**Exercise brief**
Could you reproduce all the entries under this sentence exactly, leaving the images aside?

**Data in this exercise**
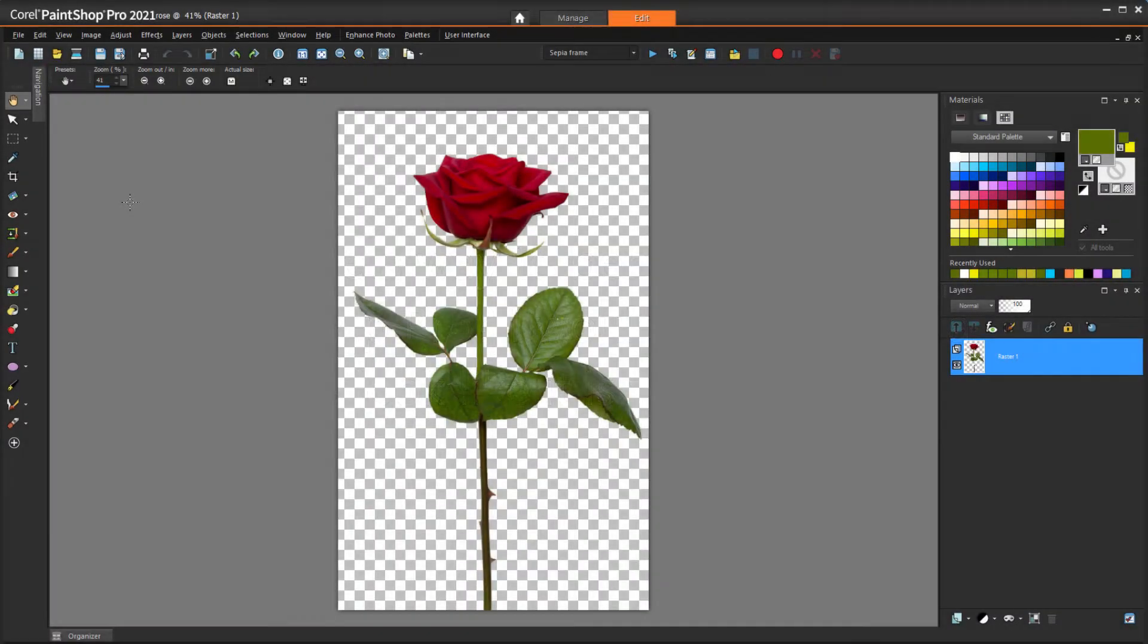Is there a way to bend an object in PaintShop Pro? I would like to make a rose look like it is wilting over. This would be tough to do on an image with a background, so I'll demonstrate one technique for this on an image without a background.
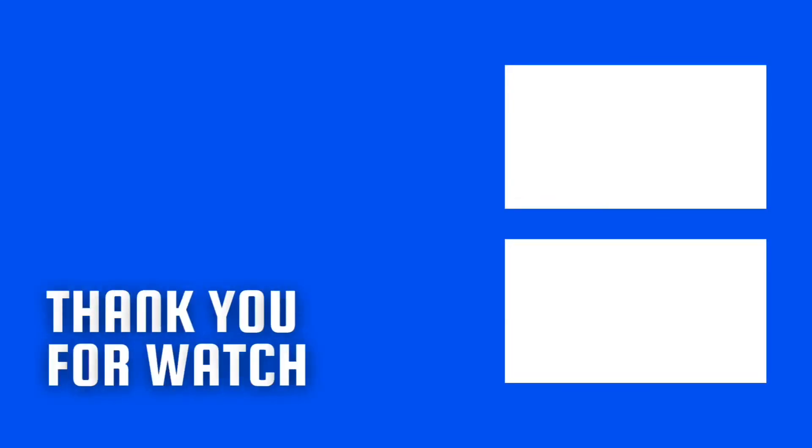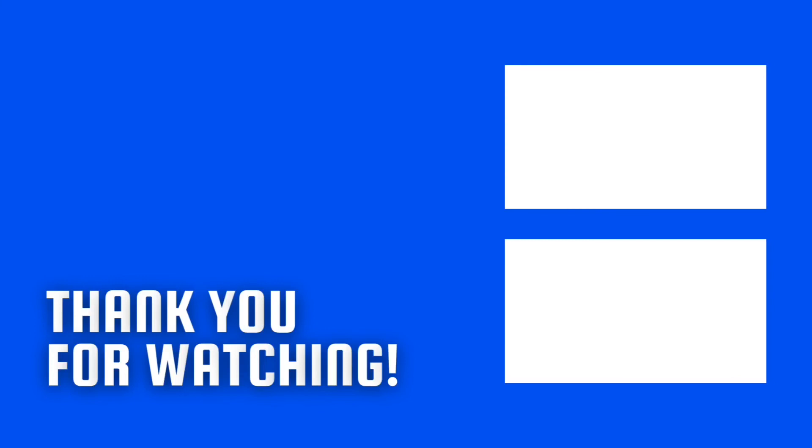If you liked this video, please like and subscribe to the channel with notifications turned on, because I make Linux and Raspberry Pi videos almost every week.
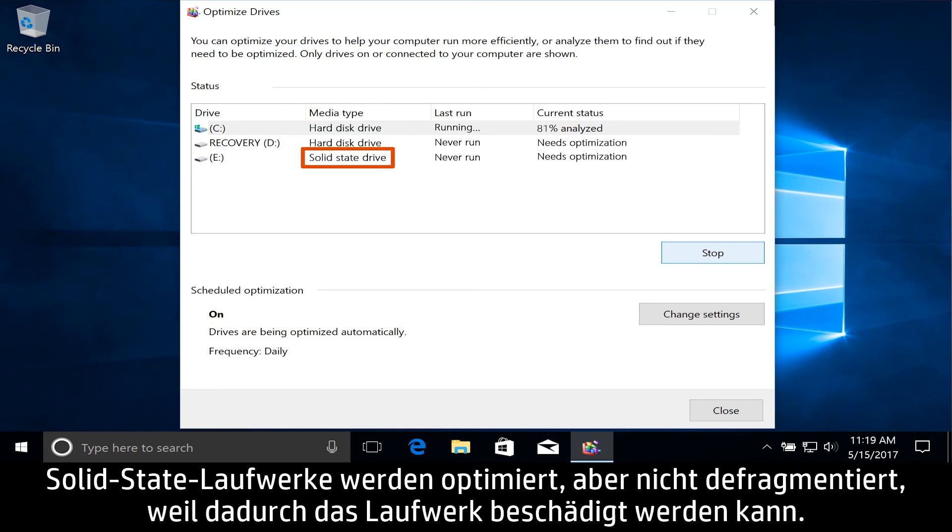Solid state drives are optimized, but not defragmented because this can harm the drive.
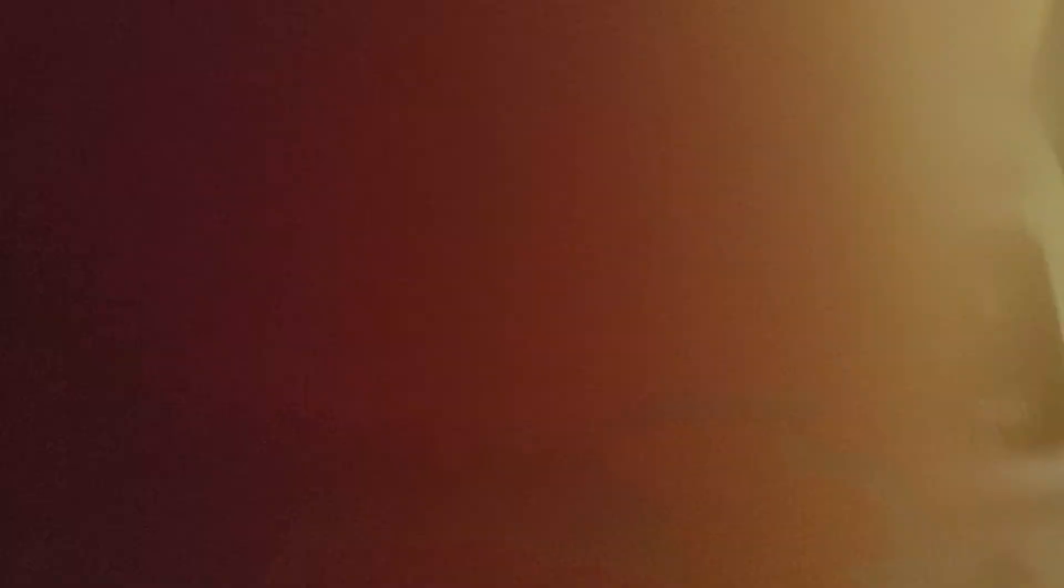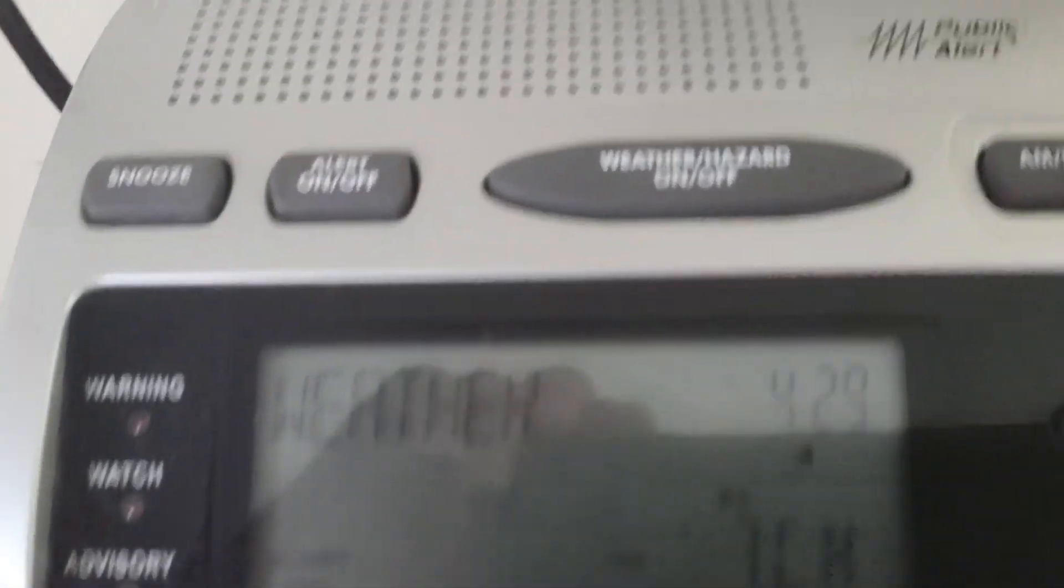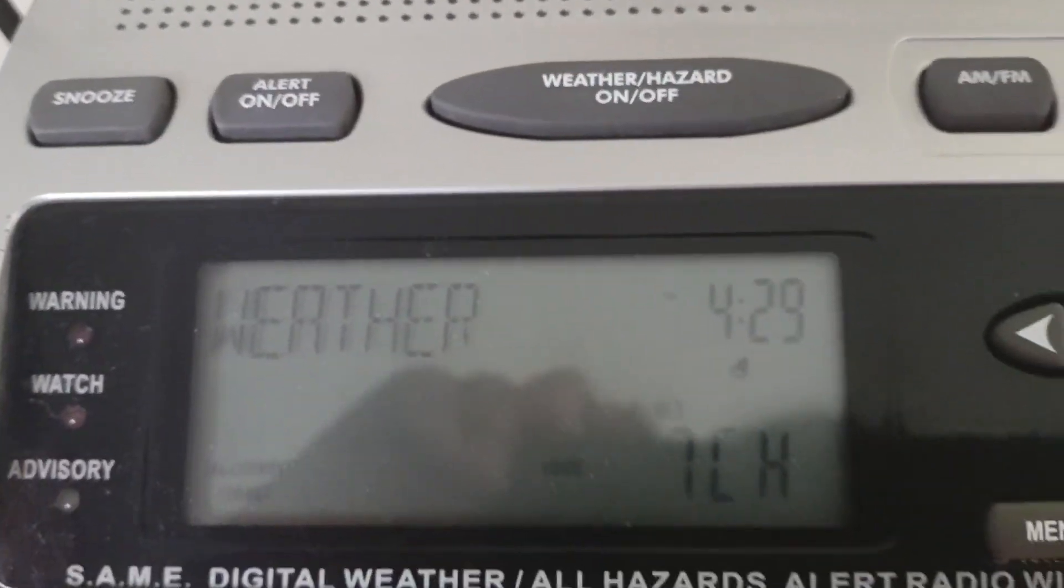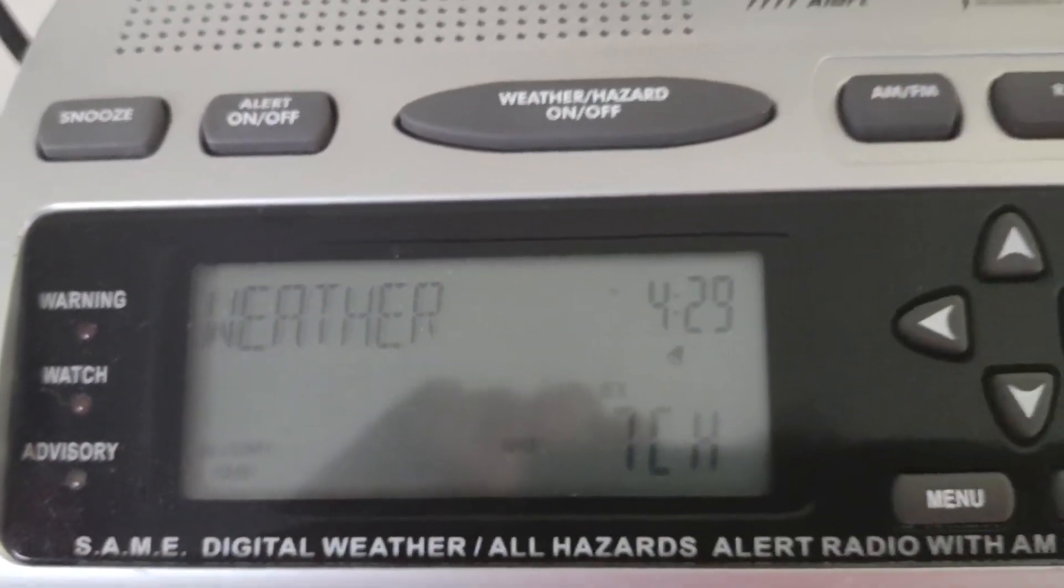Wilmington, Ohio. We have interrupted our regular programming as severe weather is affecting our listening area. Here is a hazard.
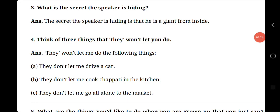Question number 3, what is the secret the speaker is hiding? The secret the speaker is hiding is that he is a giant from inside.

**Answer space**
Is there a way to bend an object in PaintShop Pro? I would like to make a rose look like it is wilting over. This would be tough to do on an image with a background, so I'll demonstrate one technique for this on an image without a background.
If you liked this video, please like and subscribe to the channel with notifications turned on, because I make Linux and Raspberry Pi videos almost every week.
Solid state drives are optimized, but not defragmented because this can harm the drive.
Wilmington, Ohio. We have interrupted our regular programming as severe weather is affecting our listening area. Here is a hazard.
Question number 3, what is the secret the speaker is hiding? The secret the speaker is hiding is that he is a giant from inside.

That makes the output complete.